The Snell standard – which Arai helped develop, funds and adheres to – underwent a substantial overhaul a few years back and the new Snell 2010 (nee 2015, same thing) rating is seen as a massive improvement. The Snell test now involves, among other things, dropping five different anvils onto the helmet, dropping it from a variety of heights (higher than DOT), and shooting the visor with a few pellets fired from an air rifle. The ECE does everything from testing abrasion resistance to shell deformation and even the chin strap. It also requires re-certification throughout a helmet’s production life, ensuring things stay in-shape as tooling wears. They’re both thorough and – for all intents and purposes – the best we’ve got. But it’s a shame we can’t do better.
Or at least communicate their benefits to consumers better. While each standard has its proponents and detractors, the real debate should be around how the helmet functions in a real, honest-to-god-this-thing-is-going-to-save-my-brain crash.
Unfortunately, that’s nearly impossible to quantify in any substantive way. And worse, there isn’t a clear way to ensure that makes sense to you or me or anyone shopping for a helmet in the overcrowded and variously priced marketplace.
That’s part of the case Arai is making, and its newest flagship – the Corsair X – is its latest argument.
To begin with, the basic design of the shell looks almost exactly the same as every Arai that’s come out since the early ‘80s. It’s something Arai has gotten a fair amount of flack for, as other helmet manufacturers continue to innovate with shapes and angles and vents of various dimensions and functions. But the core principle of the Arai helmet is to make it as round as possible. Mr. Arai and the rest of his privately held company thinks that’s the best design (known as the R75, because it’s foundation is a continuous convex curve with a radius of 75mm) to dissipate the forces of a crash.

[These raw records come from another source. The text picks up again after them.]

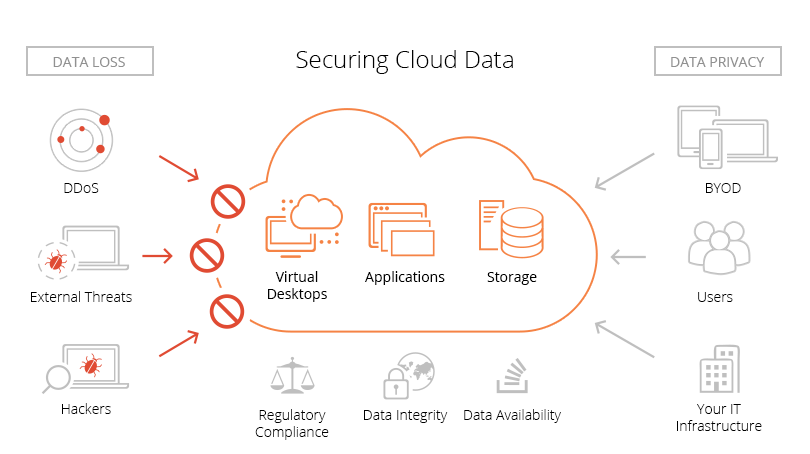 Secure Private Cloud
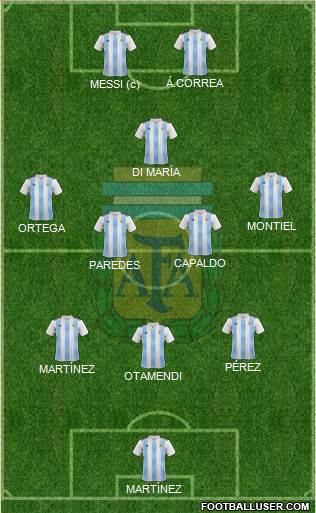 Argentina Formation 2021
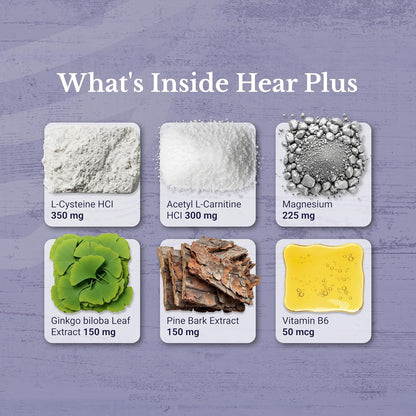 Hear Plus - Tinnitus Supplement - Advanced Hearing Formula for Ringing Ears with Ginkgo Biloba, Pine Bark Extract & Magnesium - 120 Capsules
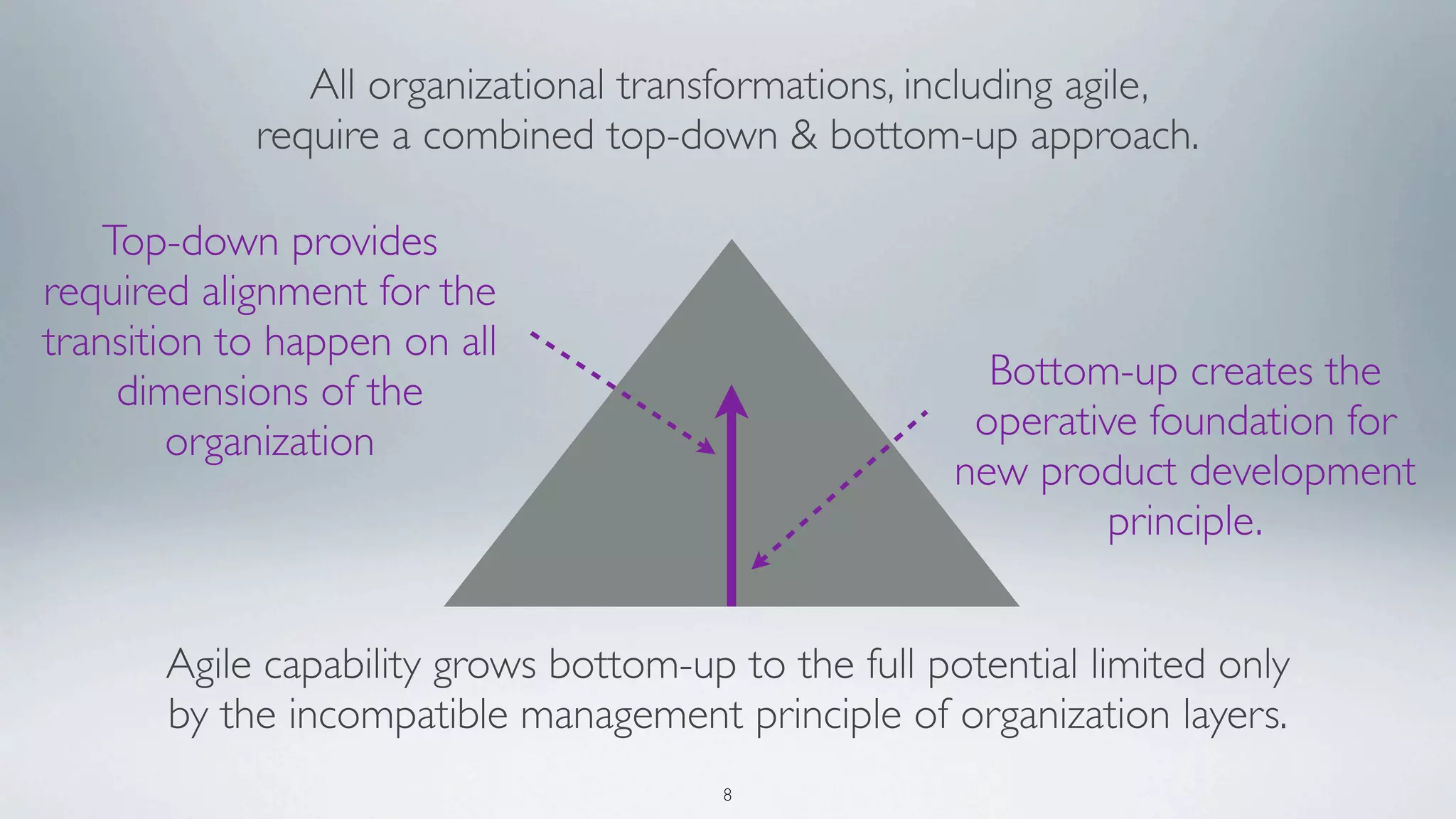 All organizational transformations, including agile,
            require a combined top-down & bottom-up approach.

    Top-down provides
required alignment for the
transition to happen on all
     dimensions of the                                  Bottom-up creates the
        organization                                   operative foundation for
                                                      new product development
                                                               principle.


       Agile capability grows bottom-up to the full potential limited only
       by the incompatible management principle of organization layers.
                                        8
 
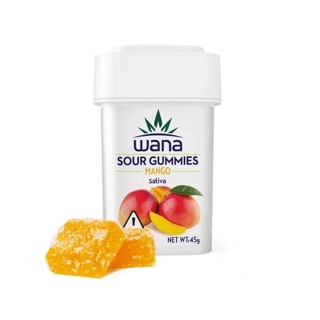 Best CBD Dispensary Las Vegas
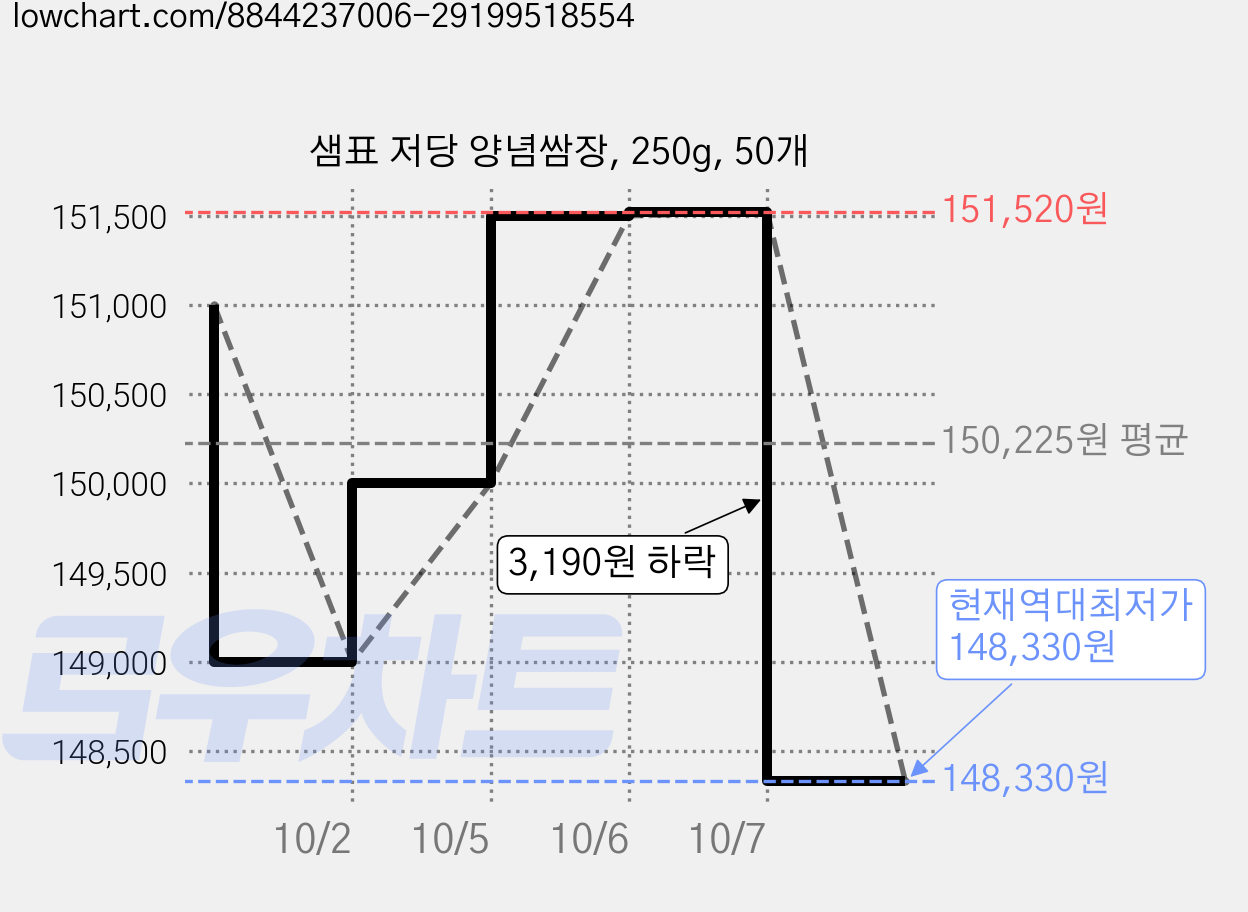 샘표 저당 양념쌈장, 250g, 50개 가격 변동 차트, 현재가 148,330원, 역대최저가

What’s more notable about the Corsair X – and several of its Arai siblings – is how strictly Arai adheres to that philosophy, particularly with the vents. They’re not integrated into the shell itself, but basically stuck on the outside so they break away in a crash and avoid hooking onto things because that would be bad.
That idea also extends to the Variable Axis System (VAS) shield setup, which has a lower pivot point to increase the amount of shell area and requires you to press a lever on each side of the shield to pop off the covers and replace the visor. Where other manufactures allow the shield mechanism to push the shell inwards, Arai keeps everything external and shell integrity intact. It’s not as easy or intuitive as other systems out there, but it gets the job done, and if you’re an Arai devotee, you’ll be pleased to know that it’s both quicker and more painless than the outgoing lid.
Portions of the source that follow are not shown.